◆ Your instructions ◆
Below is a listing with pictures. Repeat exactly the lines starting at the one holding "دانلود فیلم I" and going on through the one holding "R.E.M - Lifes Rich Pageant", and leave every picture out.

◆ Records for processing ◆
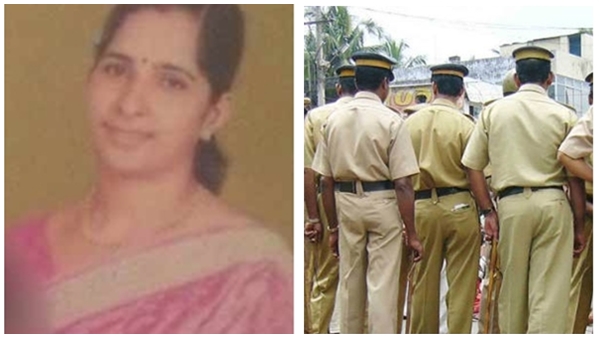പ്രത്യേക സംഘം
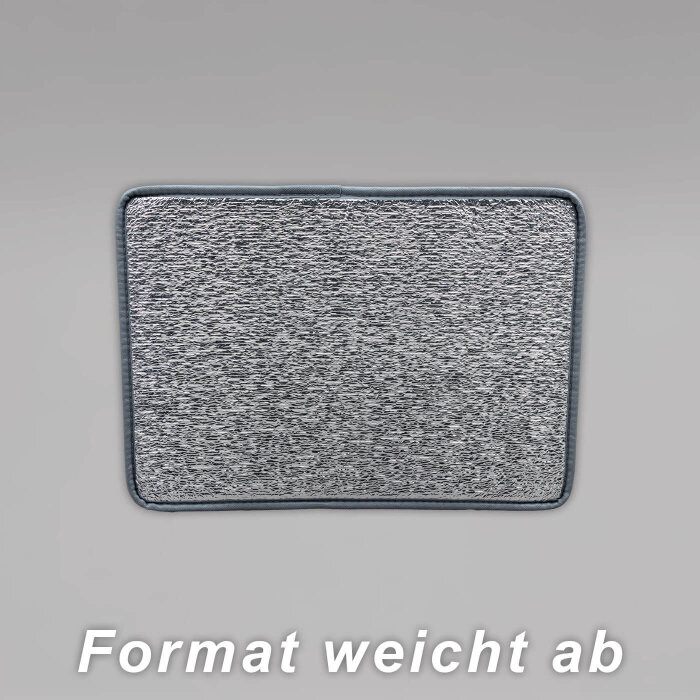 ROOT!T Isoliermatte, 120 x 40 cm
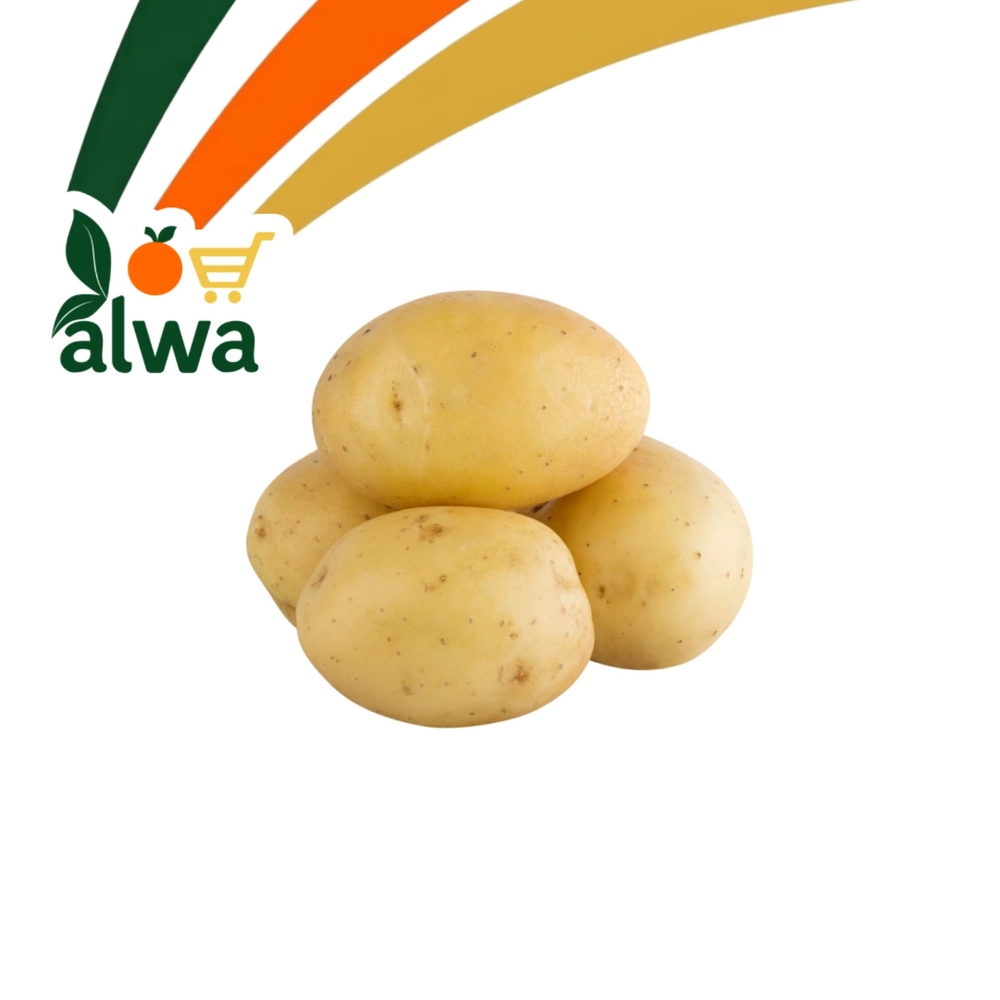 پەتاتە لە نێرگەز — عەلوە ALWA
==
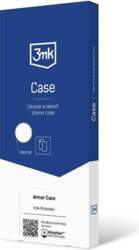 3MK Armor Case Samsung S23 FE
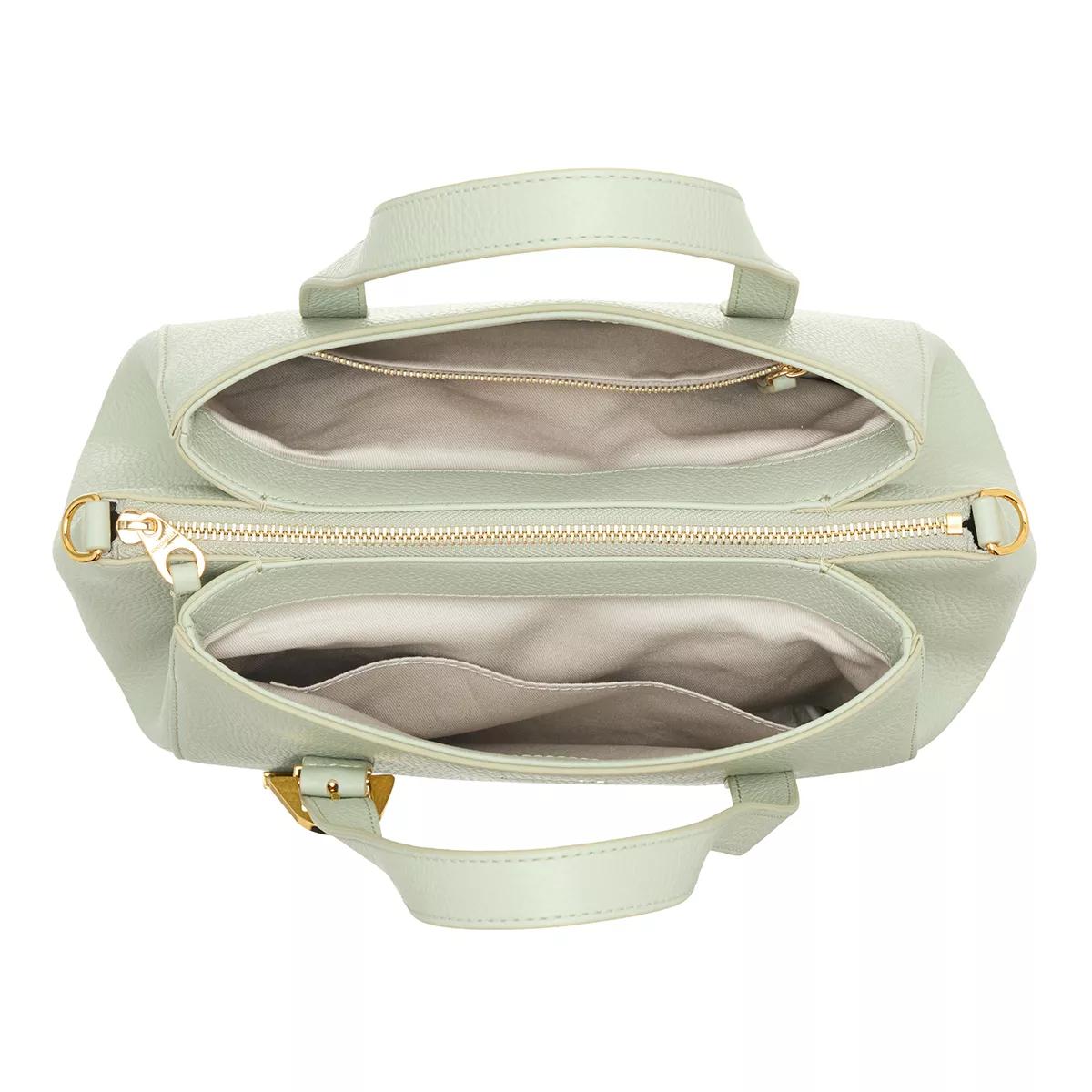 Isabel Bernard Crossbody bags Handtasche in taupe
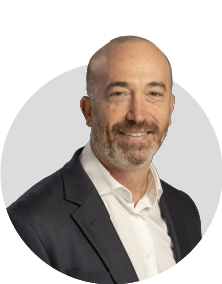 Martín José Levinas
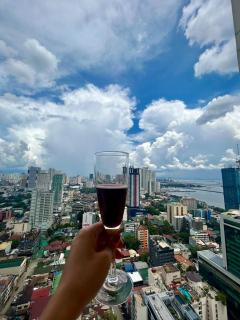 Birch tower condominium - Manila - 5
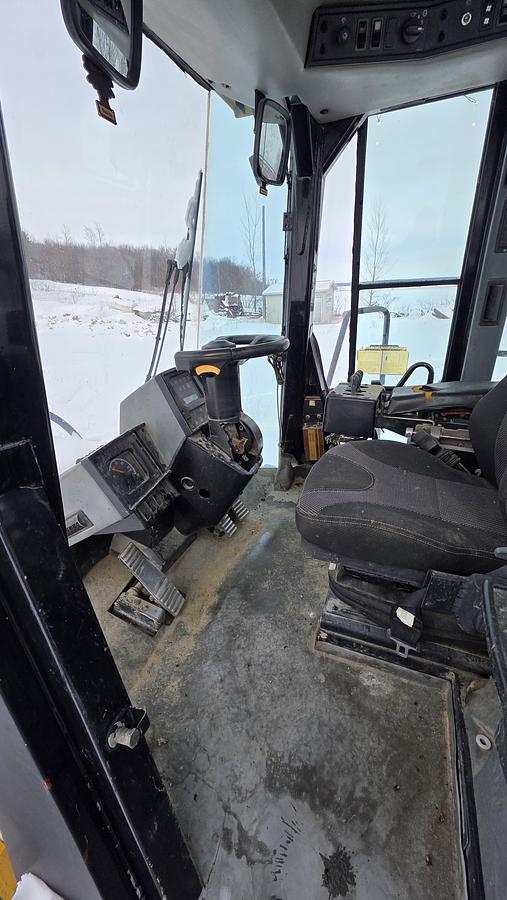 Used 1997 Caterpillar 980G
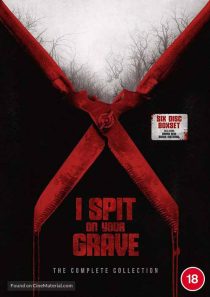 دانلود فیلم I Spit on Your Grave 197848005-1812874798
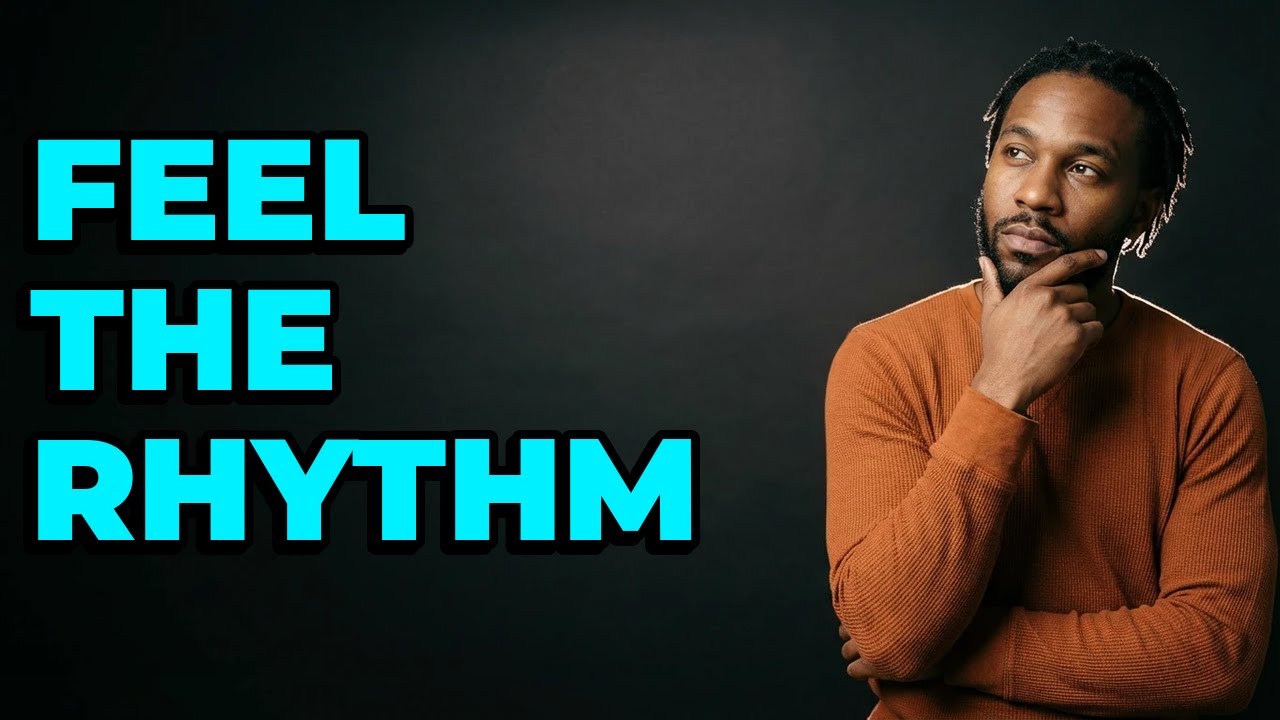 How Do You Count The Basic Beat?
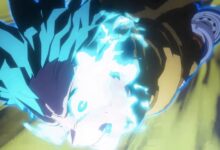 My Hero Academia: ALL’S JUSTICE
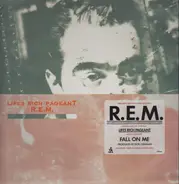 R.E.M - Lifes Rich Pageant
* * *
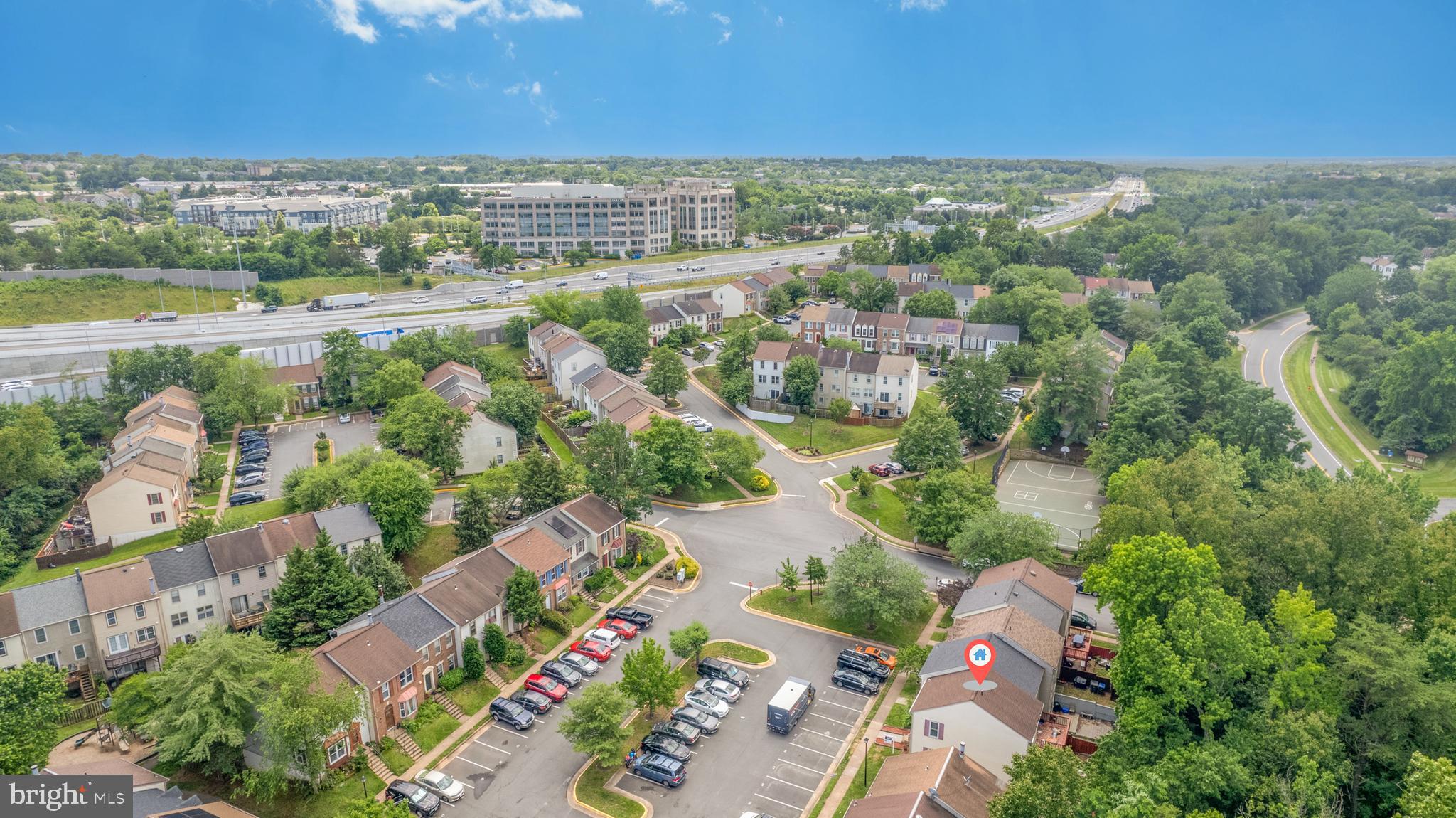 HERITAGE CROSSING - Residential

◆ Task response ◆
 دانلود فیلم I Spit on Your Grave 197848005-1812874798
 How Do You Count The Basic Beat?
 My Hero Academia: ALL’S JUSTICE
 R.E.M - Lifes Rich Pageant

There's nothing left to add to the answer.